» Exercise description
Make an exact transcript of the lines in the data below, starting with the one containing "Suits Podcast Patrick" and going on through the one containing "Acogedor Loft A", with both included and the pictures left out.

[Opening Given records section]

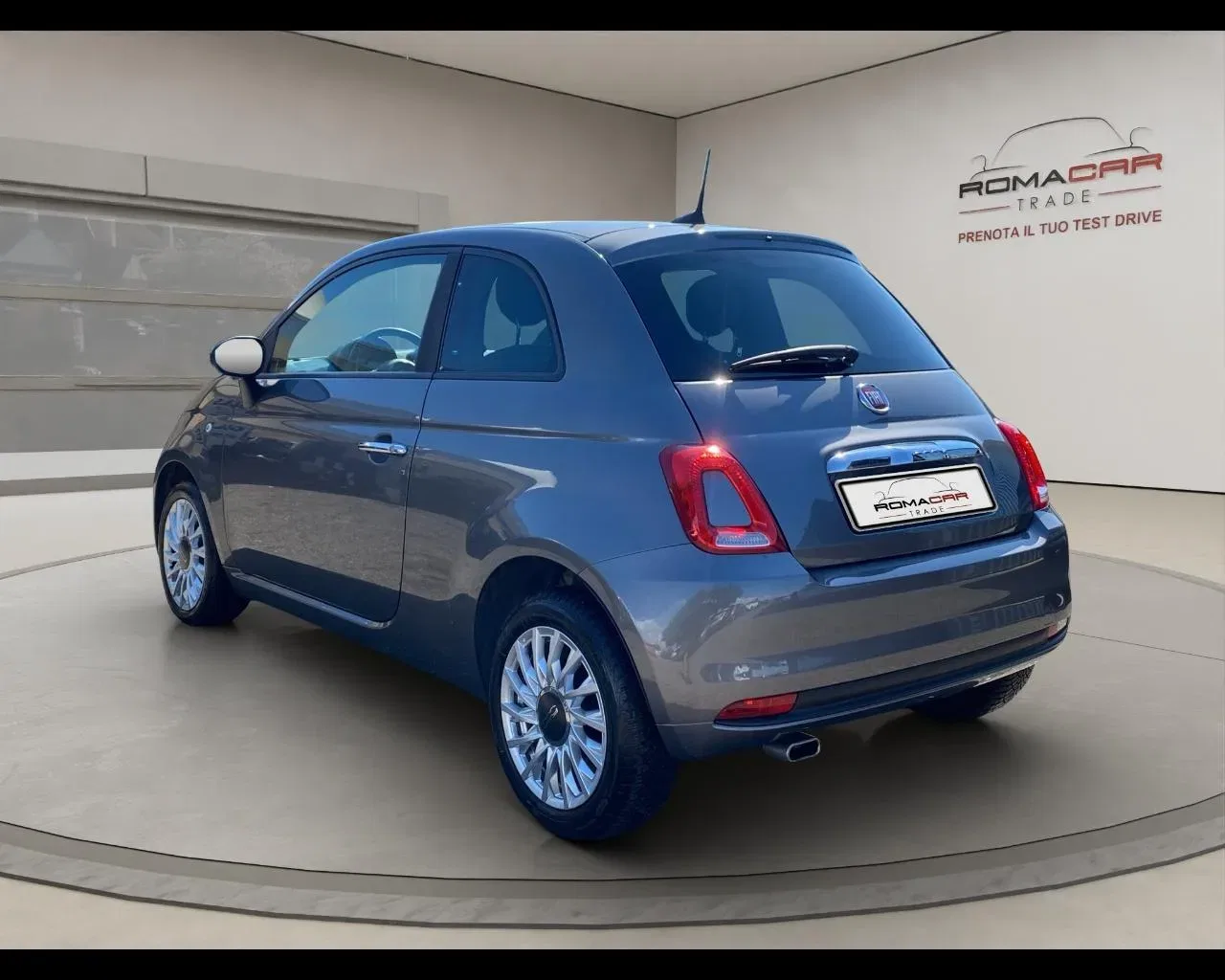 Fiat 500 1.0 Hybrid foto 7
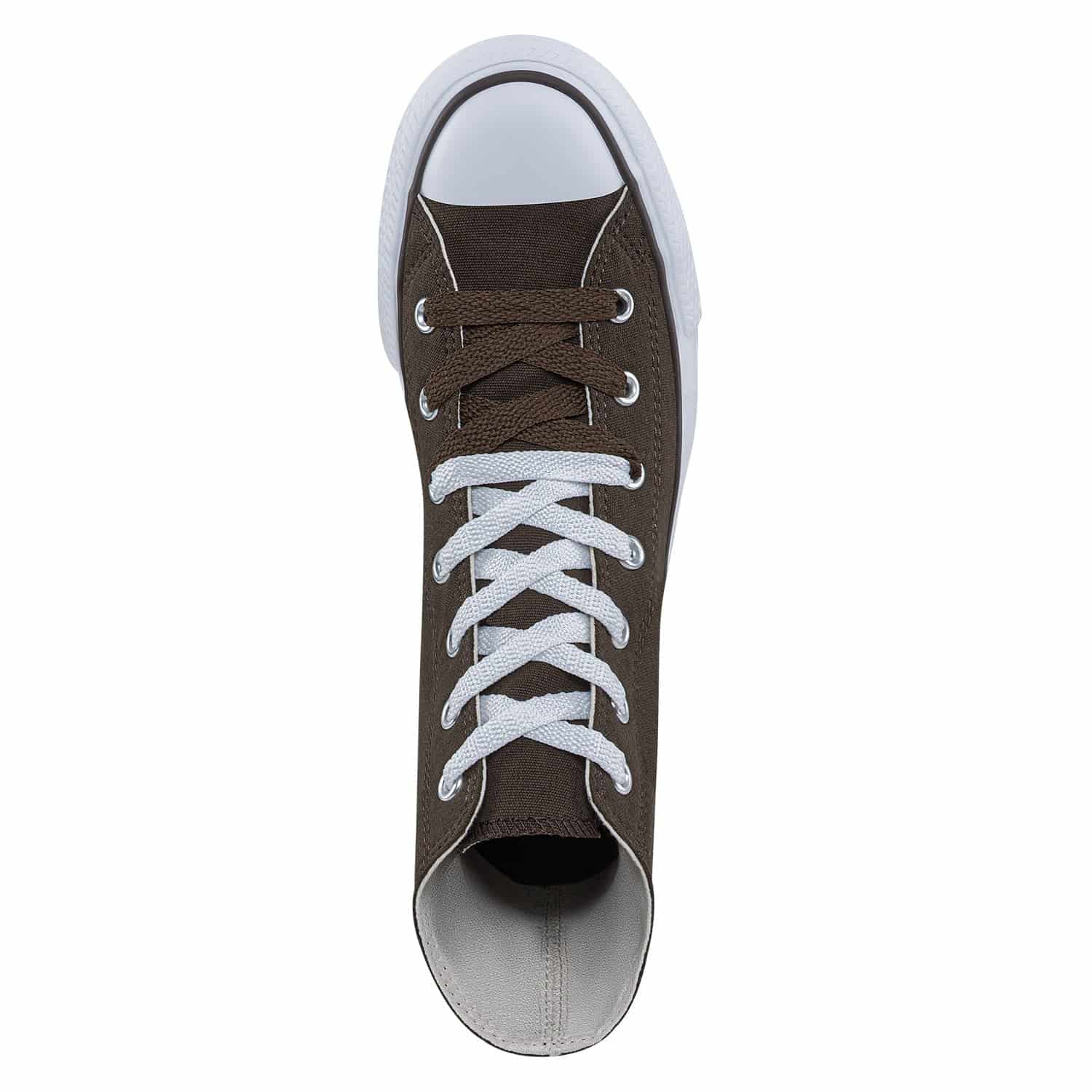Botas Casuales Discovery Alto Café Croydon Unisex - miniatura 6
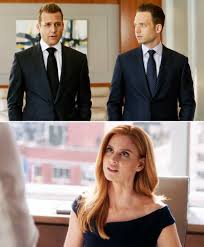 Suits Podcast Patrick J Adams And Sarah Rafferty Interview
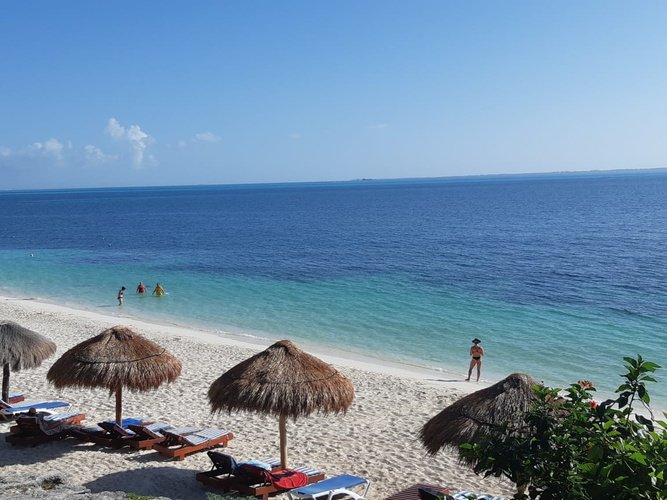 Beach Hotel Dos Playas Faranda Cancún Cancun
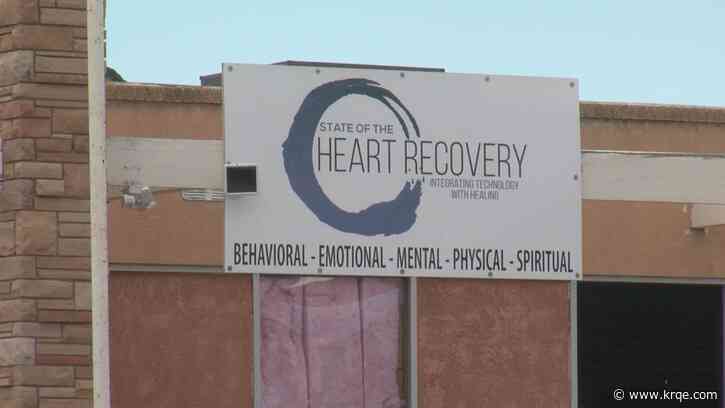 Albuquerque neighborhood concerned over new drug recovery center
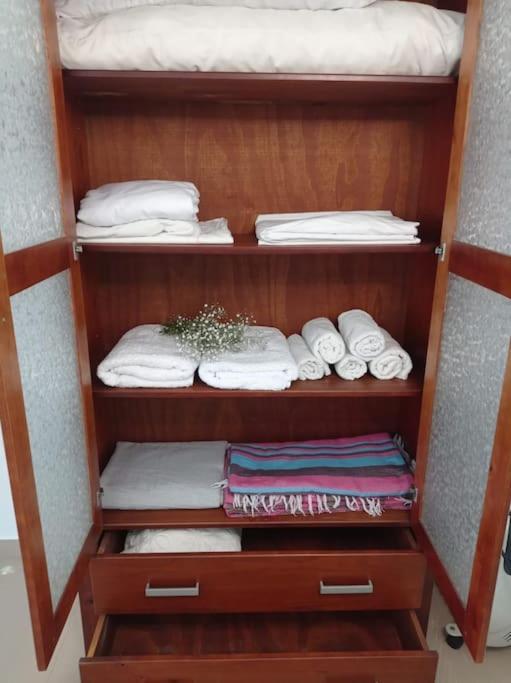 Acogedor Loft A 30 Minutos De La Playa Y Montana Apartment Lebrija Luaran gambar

[Closing Given records section]
[Opening Given records section]

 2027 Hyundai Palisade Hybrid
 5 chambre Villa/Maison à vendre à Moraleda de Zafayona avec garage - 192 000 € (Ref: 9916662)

[Closing Given records section]

» Response
 Suits Podcast Patrick J Adams And Sarah Rafferty Interview
 Beach Hotel Dos Playas Faranda Cancún Cancun
 Albuquerque neighborhood concerned over new drug recovery center
 Acogedor Loft A 30 Minutos De La Playa Y Montana Apartment Lebrija Luaran gambar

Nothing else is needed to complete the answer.